Assignment → Here is the task for the listing below: output exactly the lines from the one containing "Personalized Polar Express" through the one containing "Chemise hawaïenne Uchiha", and leave out the pictures.

Supplied data →
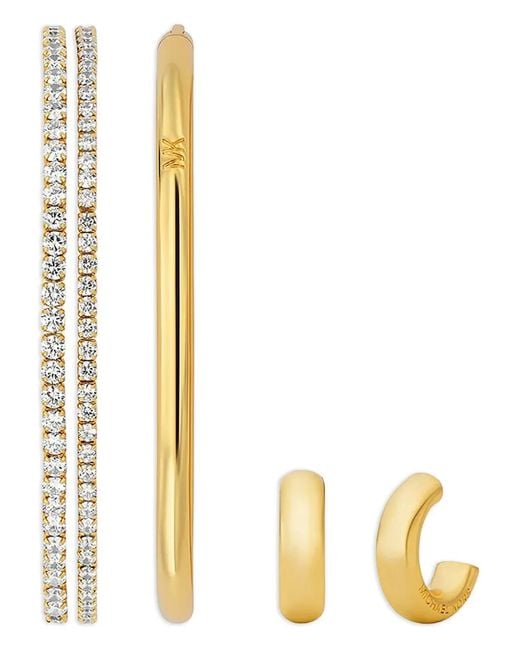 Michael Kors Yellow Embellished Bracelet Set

* * *

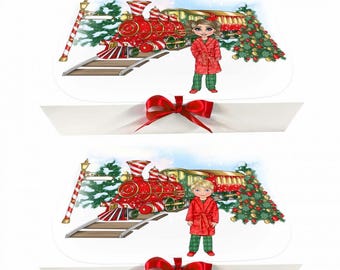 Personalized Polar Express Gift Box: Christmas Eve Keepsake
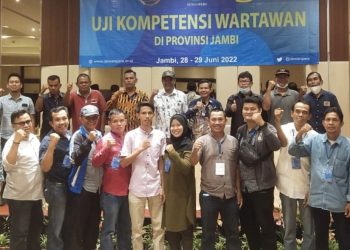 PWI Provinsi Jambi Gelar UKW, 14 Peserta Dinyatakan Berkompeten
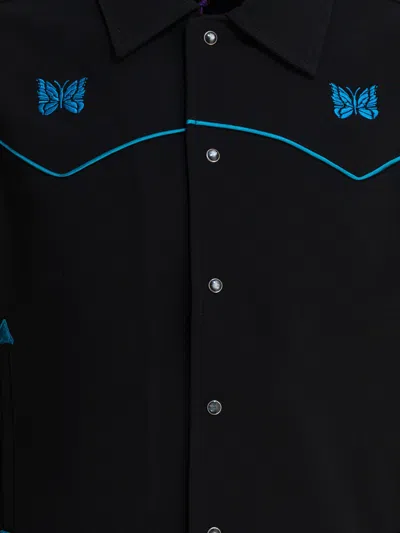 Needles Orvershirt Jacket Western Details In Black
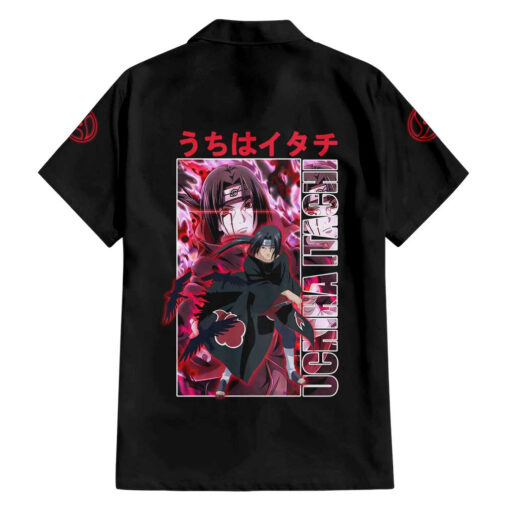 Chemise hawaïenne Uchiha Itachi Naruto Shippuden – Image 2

Your response →
 Personalized Polar Express Gift Box: Christmas Eve Keepsake
 PWI Provinsi Jambi Gelar UKW, 14 Peserta Dinyatakan Berkompeten
 Needles Orvershirt Jacket Western Details In Black
 Chemise hawaïenne Uchiha Itachi Naruto Shippuden – Image 2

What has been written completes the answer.